Better to light a candle, however small, than to curse the darkness
BIOGRAPHY
François Roux, a distinguished defence lawyer in the field of international justice, joined the Tribunal as Head of Defence Office on 9 March 2009.
Mr Roux, a French citizen, has been an attorney for 38 years and is influenced by the life and thinking of Mahatma Gandhi, who was also a lawyer.
Since the late 1970s, he has defended Polynesian (French Polynesia) and New Caledonian Kanak separatists in the French Pacific Territories.

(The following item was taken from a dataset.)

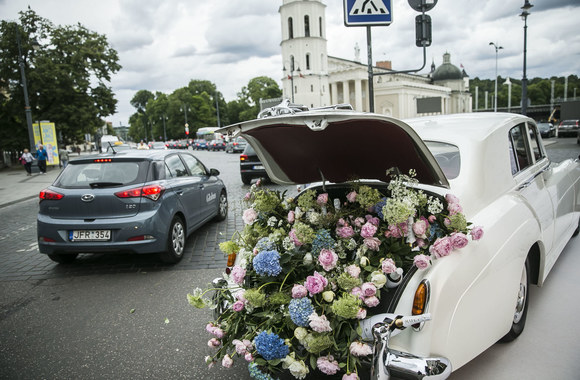Sostinės širdyje esančiame „Kempinski Hotel Cathedral Square“ duris atvėrė erdvi terasa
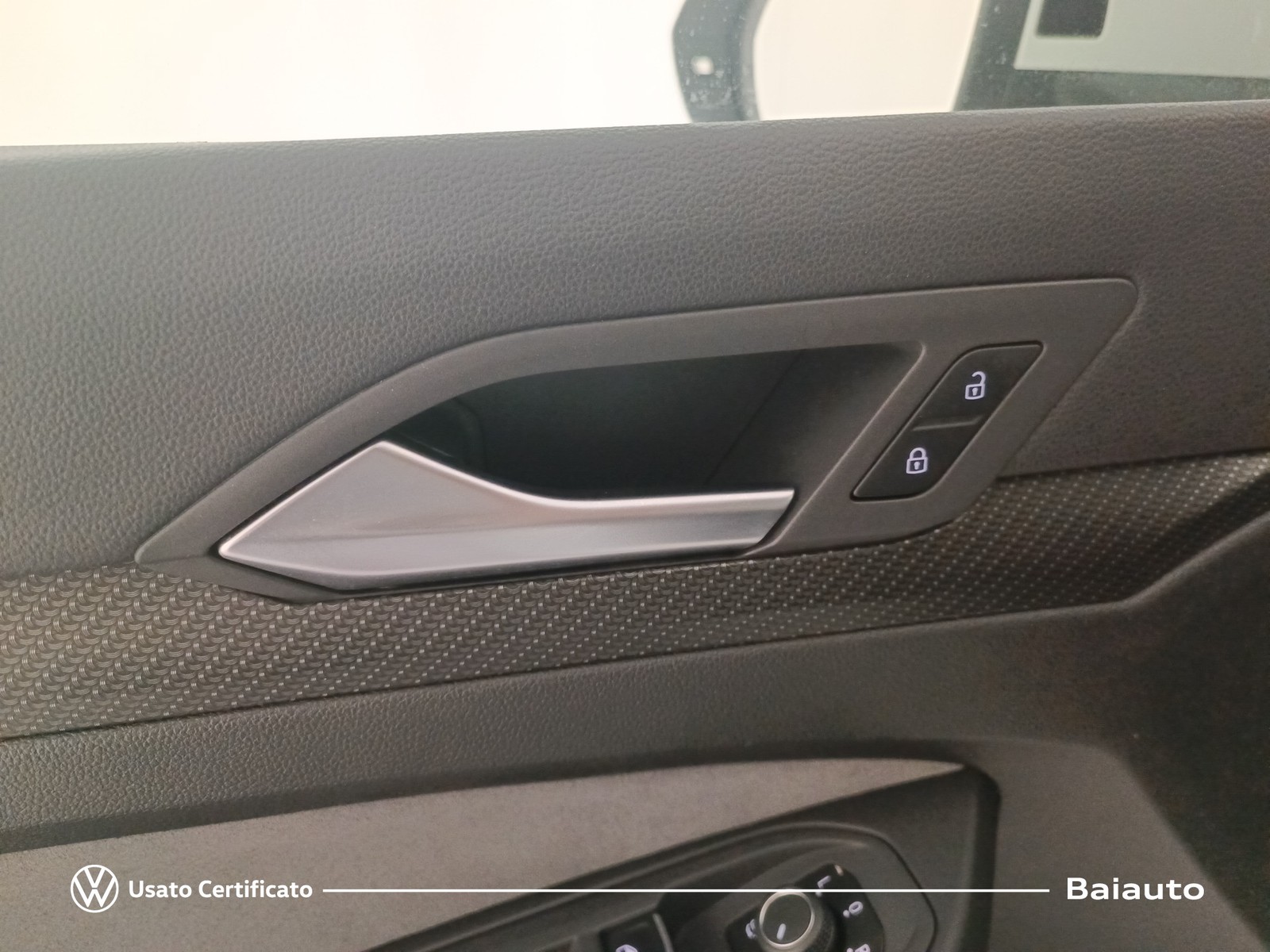 18 - Volkswagen Golf 2.0 tdi scr 150cv r-line 4motion dsg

In that capacity, he played a role in the peace agreements between the Kanak Liberation Movement and the French Government which resulted in the 1988 Matignon Agreements and the Nouméa Accord of 1998. In 1994, he also assisted the Tuareg rebels during the peace agreements with the Government of Niger.
Since 1999, Mr Roux has represented several accused and suspects before various international criminal jurisdictions, including the International Criminal Tribunal for Rwanda and the International Criminal Court, and he represented Duch before the Extraordinary Chambers in the Courts of Cambodia(ECCC).
Mr Roux was a consultant to the American defence team assigned to represent Zacarias Moussaoui following the attacks of 11 September 2001 and he assisted his American colleague Gerald Zerkin in arguing against the death penalty.
In France, he has defended José Bové, an anti-globalisation farmer and trade unionist, against the fast-food company McDonald’s, as well as representing the French agricultural trade union Confédération Paysanne and the Mouvement des faucheurs volontaires anti-OGM, a group of citizens who use civil disobedience to express their opposition to genetically modified organisms.
He has acted successfully in various cases before the European Court of Human Rights in Strasbourg and the United Nations Human Rights Committee in Geneva.
He is an Officer of the National Order of the Legion of Honour and a Knight of the National Order of Merit.
Mr Roux has written several articles on human rights and international criminal justice which have appeared in leading newspapers, including Le Monde, Libération and Le Temps. He was the head of a French law firm in Montpellier in the south of France specialising in criminal law, international relations, the law of persons, public law, mediation and human rights.
His motto is “Better to light a candle, however small, than to curse the darkness”.
He has published En état de légitime révolte (Indigène Editions, 2002).